> **Material to process**:
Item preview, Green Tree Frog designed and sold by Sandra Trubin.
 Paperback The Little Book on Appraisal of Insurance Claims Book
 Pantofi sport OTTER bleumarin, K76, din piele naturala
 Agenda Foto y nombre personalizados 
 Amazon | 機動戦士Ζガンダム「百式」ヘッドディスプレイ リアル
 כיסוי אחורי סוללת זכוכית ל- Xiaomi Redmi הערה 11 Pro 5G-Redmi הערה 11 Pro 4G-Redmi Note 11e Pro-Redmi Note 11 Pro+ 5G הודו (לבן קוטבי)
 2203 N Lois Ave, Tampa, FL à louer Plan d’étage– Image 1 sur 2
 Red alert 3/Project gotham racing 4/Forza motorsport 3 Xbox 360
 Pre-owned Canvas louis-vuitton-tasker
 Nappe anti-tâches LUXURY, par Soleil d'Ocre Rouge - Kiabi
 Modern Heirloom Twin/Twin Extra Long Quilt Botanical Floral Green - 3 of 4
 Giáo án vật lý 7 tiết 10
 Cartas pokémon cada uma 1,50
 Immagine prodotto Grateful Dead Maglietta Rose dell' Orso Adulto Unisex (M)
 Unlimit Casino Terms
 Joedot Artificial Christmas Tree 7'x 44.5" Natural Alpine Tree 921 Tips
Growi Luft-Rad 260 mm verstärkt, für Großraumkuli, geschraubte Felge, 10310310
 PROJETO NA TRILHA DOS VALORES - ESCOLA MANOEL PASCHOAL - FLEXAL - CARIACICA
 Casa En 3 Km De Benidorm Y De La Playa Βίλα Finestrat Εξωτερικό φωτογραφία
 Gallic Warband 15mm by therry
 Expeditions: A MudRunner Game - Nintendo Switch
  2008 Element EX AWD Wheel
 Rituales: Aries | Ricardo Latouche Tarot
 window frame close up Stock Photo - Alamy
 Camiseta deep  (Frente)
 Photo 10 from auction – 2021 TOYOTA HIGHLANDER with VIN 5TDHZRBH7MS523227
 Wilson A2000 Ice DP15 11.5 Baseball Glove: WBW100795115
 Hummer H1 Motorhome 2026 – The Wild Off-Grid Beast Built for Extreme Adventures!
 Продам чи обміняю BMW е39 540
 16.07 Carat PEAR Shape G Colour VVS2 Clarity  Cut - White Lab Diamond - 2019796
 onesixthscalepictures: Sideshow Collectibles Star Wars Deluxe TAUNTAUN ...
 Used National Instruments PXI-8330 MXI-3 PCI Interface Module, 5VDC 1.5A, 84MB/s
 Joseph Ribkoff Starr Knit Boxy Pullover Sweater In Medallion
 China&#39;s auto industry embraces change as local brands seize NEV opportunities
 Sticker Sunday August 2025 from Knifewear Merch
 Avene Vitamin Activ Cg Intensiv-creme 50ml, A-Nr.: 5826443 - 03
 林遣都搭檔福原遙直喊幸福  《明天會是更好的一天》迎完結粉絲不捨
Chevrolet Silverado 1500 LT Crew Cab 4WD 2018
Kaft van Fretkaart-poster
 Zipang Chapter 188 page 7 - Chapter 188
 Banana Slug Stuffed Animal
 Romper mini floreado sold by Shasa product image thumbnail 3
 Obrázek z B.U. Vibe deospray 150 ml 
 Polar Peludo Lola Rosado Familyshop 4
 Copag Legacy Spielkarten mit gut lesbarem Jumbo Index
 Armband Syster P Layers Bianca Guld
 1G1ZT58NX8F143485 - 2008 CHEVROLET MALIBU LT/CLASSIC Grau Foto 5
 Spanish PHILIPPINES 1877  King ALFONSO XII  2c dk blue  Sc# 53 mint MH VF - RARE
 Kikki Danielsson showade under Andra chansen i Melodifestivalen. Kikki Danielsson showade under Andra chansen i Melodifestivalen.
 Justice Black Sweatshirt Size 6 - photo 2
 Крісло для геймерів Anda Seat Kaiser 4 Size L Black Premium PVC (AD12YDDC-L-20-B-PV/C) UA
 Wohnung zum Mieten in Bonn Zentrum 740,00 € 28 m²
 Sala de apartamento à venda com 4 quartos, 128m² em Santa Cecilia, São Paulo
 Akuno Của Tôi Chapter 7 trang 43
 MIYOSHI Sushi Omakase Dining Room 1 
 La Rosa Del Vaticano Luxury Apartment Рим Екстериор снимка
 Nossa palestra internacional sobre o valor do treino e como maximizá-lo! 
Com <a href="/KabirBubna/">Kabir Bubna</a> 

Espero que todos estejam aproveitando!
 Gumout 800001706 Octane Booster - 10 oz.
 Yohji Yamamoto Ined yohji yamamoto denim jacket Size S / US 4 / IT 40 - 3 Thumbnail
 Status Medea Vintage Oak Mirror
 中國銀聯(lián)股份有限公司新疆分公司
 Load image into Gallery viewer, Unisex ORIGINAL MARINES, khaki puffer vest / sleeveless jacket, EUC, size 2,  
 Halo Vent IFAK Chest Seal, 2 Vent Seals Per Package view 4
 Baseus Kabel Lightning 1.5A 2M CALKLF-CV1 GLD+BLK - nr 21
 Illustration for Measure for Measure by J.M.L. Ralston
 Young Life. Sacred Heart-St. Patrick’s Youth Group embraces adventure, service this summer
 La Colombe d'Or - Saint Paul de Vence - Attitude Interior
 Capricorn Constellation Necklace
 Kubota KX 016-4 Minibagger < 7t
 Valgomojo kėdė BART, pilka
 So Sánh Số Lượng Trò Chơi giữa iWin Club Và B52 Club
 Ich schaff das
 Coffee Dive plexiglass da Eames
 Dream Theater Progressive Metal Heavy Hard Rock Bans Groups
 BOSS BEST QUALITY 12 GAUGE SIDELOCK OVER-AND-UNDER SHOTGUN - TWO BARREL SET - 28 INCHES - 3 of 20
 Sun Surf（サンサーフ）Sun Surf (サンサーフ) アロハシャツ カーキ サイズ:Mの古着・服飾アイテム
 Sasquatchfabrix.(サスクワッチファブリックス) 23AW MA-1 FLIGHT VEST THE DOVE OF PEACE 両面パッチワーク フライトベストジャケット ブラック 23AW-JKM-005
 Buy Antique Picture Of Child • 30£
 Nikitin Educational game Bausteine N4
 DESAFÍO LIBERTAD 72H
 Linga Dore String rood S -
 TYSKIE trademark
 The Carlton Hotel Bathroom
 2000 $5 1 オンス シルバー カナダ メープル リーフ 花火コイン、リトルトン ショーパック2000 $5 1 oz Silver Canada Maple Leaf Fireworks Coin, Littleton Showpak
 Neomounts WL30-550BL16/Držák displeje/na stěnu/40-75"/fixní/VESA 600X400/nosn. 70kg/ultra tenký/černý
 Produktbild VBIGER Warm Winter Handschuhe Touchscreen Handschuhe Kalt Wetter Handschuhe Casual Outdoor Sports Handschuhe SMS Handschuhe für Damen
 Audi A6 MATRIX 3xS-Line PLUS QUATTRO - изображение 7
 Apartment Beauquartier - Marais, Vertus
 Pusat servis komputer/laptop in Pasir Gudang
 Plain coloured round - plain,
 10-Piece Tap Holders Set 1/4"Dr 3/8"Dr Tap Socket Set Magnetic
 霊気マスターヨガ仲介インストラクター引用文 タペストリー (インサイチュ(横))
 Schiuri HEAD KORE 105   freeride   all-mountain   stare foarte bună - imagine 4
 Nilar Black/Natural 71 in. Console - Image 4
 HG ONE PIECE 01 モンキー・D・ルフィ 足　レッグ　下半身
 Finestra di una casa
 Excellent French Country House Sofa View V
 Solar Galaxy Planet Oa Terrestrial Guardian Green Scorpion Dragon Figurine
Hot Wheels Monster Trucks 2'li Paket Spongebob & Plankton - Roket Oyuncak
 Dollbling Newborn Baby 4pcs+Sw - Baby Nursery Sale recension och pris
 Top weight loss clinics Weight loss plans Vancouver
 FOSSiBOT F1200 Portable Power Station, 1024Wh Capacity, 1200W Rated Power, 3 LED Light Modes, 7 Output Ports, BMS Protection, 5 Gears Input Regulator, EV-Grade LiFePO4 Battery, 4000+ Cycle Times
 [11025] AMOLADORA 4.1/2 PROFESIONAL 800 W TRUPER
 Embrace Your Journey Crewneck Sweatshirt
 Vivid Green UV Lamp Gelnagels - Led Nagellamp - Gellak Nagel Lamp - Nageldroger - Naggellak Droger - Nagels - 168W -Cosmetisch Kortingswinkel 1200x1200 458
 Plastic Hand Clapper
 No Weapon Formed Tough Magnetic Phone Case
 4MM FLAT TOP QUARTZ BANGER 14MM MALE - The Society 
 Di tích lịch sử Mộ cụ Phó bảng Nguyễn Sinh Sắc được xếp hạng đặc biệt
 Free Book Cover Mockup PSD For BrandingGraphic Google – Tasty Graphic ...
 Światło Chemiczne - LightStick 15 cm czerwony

> **Activity**: Among the entries above, find the line with "Justice Black Sweatshirt Size 6 - photo 2" and the line with "Wohnung zum Mieten"; give again exactly these two lines and all lines between them.

> **Reply**:
 Justice Black Sweatshirt Size 6 - photo 2
 Крісло для геймерів Anda Seat Kaiser 4 Size L Black Premium PVC (AD12YDDC-L-20-B-PV/C) UA
 Wohnung zum Mieten in Bonn Zentrum 740,00 € 28 m²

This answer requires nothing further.